If this is true, it means that the IRS’s record-keeping is utterly inadequate. It has no systematic record of the decisions made and actions taken by IRS employees. Within six months, all centrally located and accessible email records–which, in today’s world, means more than 90% of the relevant documents–are gone. Records of the agency’s actions exist, after that time–if they exist at all–only on individual desktop or laptop computers, from which they cannot be accessed or reviewed in any efficient way. And forget about hard drive crashes, what happens when an employee gets a new computer, or is replaced by a new employee with his or her own computer? Are emails systematically copied from one computer to another so that the IRS will have a record of what the employee has done, assuming that the employee took the trouble to archive them in the first place? I doubt it.

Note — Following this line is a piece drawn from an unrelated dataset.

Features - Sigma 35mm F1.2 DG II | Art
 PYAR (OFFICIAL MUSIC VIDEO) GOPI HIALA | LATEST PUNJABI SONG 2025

My opinion of the federal government’s efficiency is not high, but I find it hard to believe that this is really how the IRS manages its records. I am not a tax lawyer, but I assume that any corporation subjected to an IRS audit, or any other kind of government investigation, that had this lousy a system of preserving records would be crucified.
That is all very interesting, but the question remains: did Lois Lerner really lose the only copies of her 2009-2011 emails in a hard drive crash? In its correspondence, the IRS tried to prove the point by attaching an email thread in which the agency’s IT professionals sadly advised Ms. Lerner that they had been unable to recover her missing files. But if you read to the end of the thread (i.e., the beginning) you see Lerner’s email of July 19, 2011, in which she laments the loss of “personal files” due to her computer’s crash, but never mentions any lost emails. Click to enlarge:
It is remarkable that Lerner does not say: “Oh no! My hard drive crashed, and the IRS’s only copy of two years’ worth of my highly important work has been lost!” No: she is concerned about “my lost personal files,” because “there were some documents in the files that are irreplaceable.” That is a clearly stated and entirely reasonable concern, but it has nothing to do with losing the agency’s only record of two years of work.
If this is the best the IRS can come up with, it has much more explaining to do.
‘Bombshell,’ as in a year old pop corn fart.
They really think we're stupid.
NOTE: I have MS Outlook .pst files on my hard drive. If my HD crashed, I'd lose my .pst files. But that doesn't change the fact that my emails are all stored in various other places by various other entities. It's all retrievable.
They just screwed Issa. Might as well kill the investigation. It is impossible to fight these hard core communists Democrats. Throw the witch in jail for contempt.
If the drive failed a new one would be installed and data restored from backup. Why was this data not restored? Such specified data from both “inbox” and “sent”?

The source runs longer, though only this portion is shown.